If just one spot use Canestan Cremello, rub in well beyond the area.

Ringworm though it can be transferred to humans is not a mega problem to deal with.

Wash whole horse, grooming kit, tack, inside of covers, you and your clothes with Nizoral Shampoo. You can buy Nizoral from the chemist. It is an anti fungal shampoo containing Ketaconisol and really works well, far better than Iodine.

It's important to wash well beyond the visibly affected area as being a fungus it ejects spores outwards producing the familiar circle. 

Any horses that have been in close contact or share grooming kit will also need to be washed with Nizoral .


----------



## MotherOfChickens (14 August 2014)

Moomin1 said:



			Please do not try and treat ringworm with home or alternative remedies.  It is highly contagious and needs to be stopped by proper anti fungal treatment.
		
Click to expand...

for heavens sake ^^^ this. Ringworm can also become (albeit rarely) systemic and then much more difficult to treat.
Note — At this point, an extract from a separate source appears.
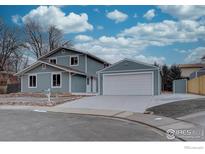 Charming two-story home with a spacious two car garage, beautiful sky, and well-maintained landscaping at 9416 Lamar St, Westminster, CO 80031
oh, and ACV 'treat's' nothing and does nothing-I have this argument with chicken people all the time, if ACV could treat worms/bacterial and fungal infections then we wouldn't be so frantically worried about antibiotic resistance -we would just 'treat' everything with apple juice.


----------



## cptrayes (14 August 2014)

I wonder if I'm the only person reading this and laughing about the panic ringworm causes. In a healthy horse, it will sort itself. I have a headcollor with it on and I deliberately infect every horse who arrives here. It gives them some immunity. I didn't have to do it with the last one, he was covered in ringworm circles. It grew out, just like it always has before. Only horses with compromised immune systems have any problem resolving a bit of ringworm.


----------



## Tnavas (14 August 2014)

MotherOfChickens said:



			for heavens sake ^^^ this. Ringworm can also become (albeit rarely) systemic and then much more difficult to treat.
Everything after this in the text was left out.